We can now achieve a blazing fast startup time with a limited effort!
In this article the first of series I’ll share my experience with a first option
- Why is so important to be fast at startup?
- How fast can we go ?
- What happens at startup in a HotSpot JVM
- Avoid the trap of oversimplified applications!
- A cheap option for fast startup time: project CRaC
- Boost Live Kitchen startup time!
- Guidelines and attention points
- Wrap up
Why is so important to be fast at startup?

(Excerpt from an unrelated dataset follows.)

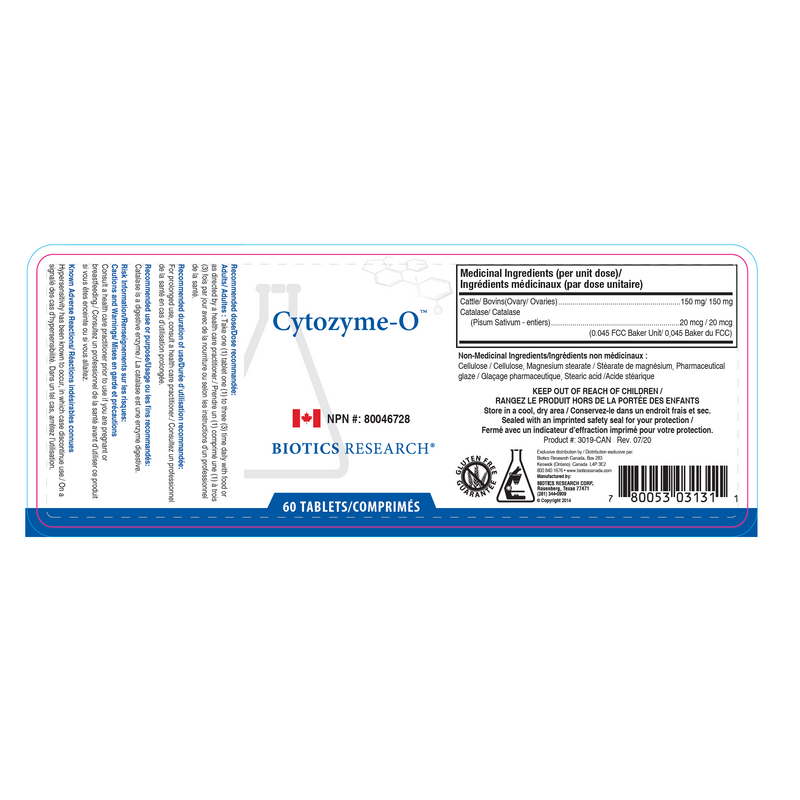 Cytozyme-O™ (Ovarian) | Biotics Research® | 60 Tablets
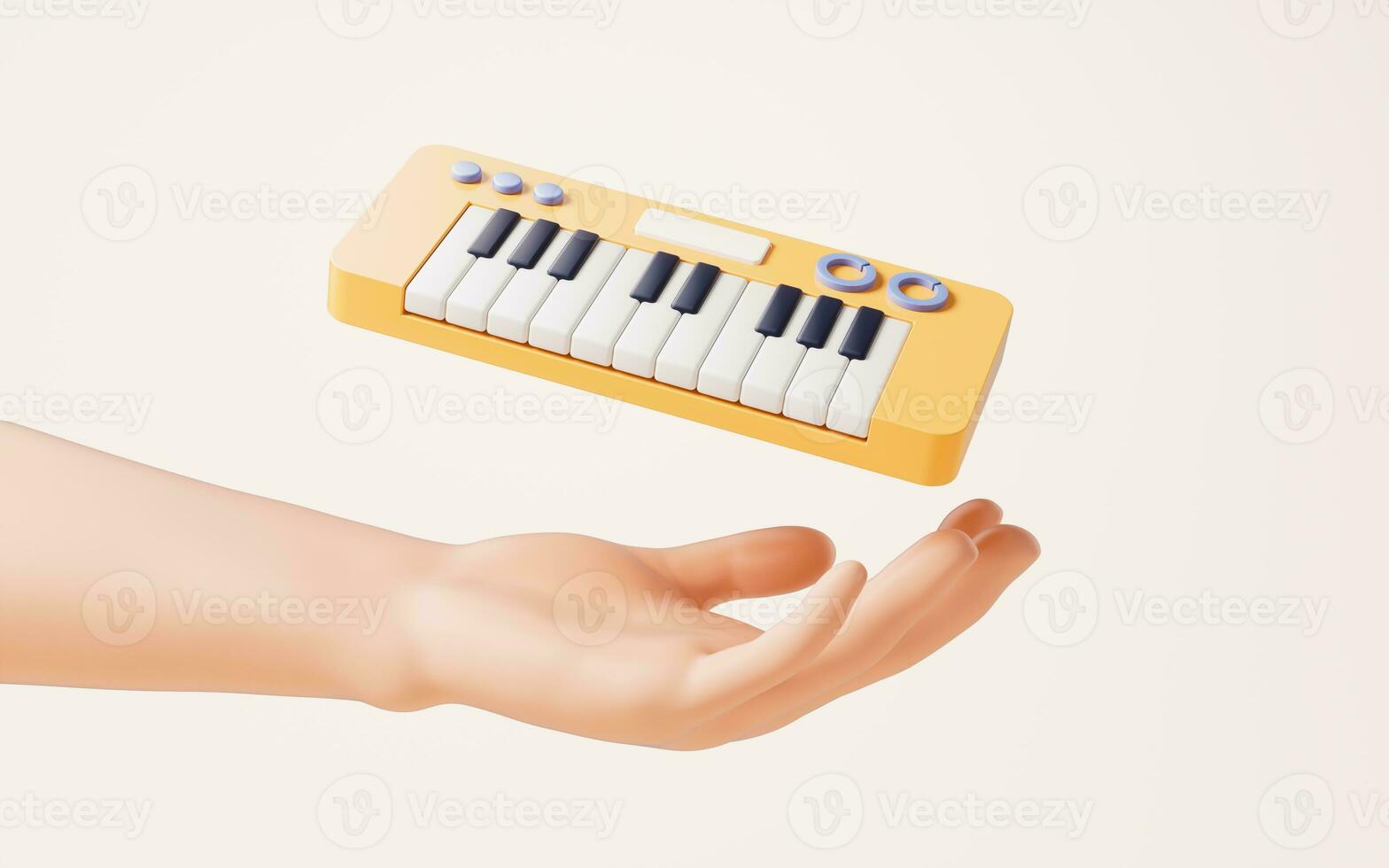 An portable piano in a hand, 3d rendering. photo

Link to heading
A fast startup time brings the following benefits mainly but not only in cloud environment:
- 💸 Cost saving: only needed server are available to serve current traffic
- 💪 Resilience: the system can react to on unexpected traffic peaks without the need of over provisioning
- 💰 Unlock “Scale to zero” That means no server active when there is no need because it is possible to start them up very quickly.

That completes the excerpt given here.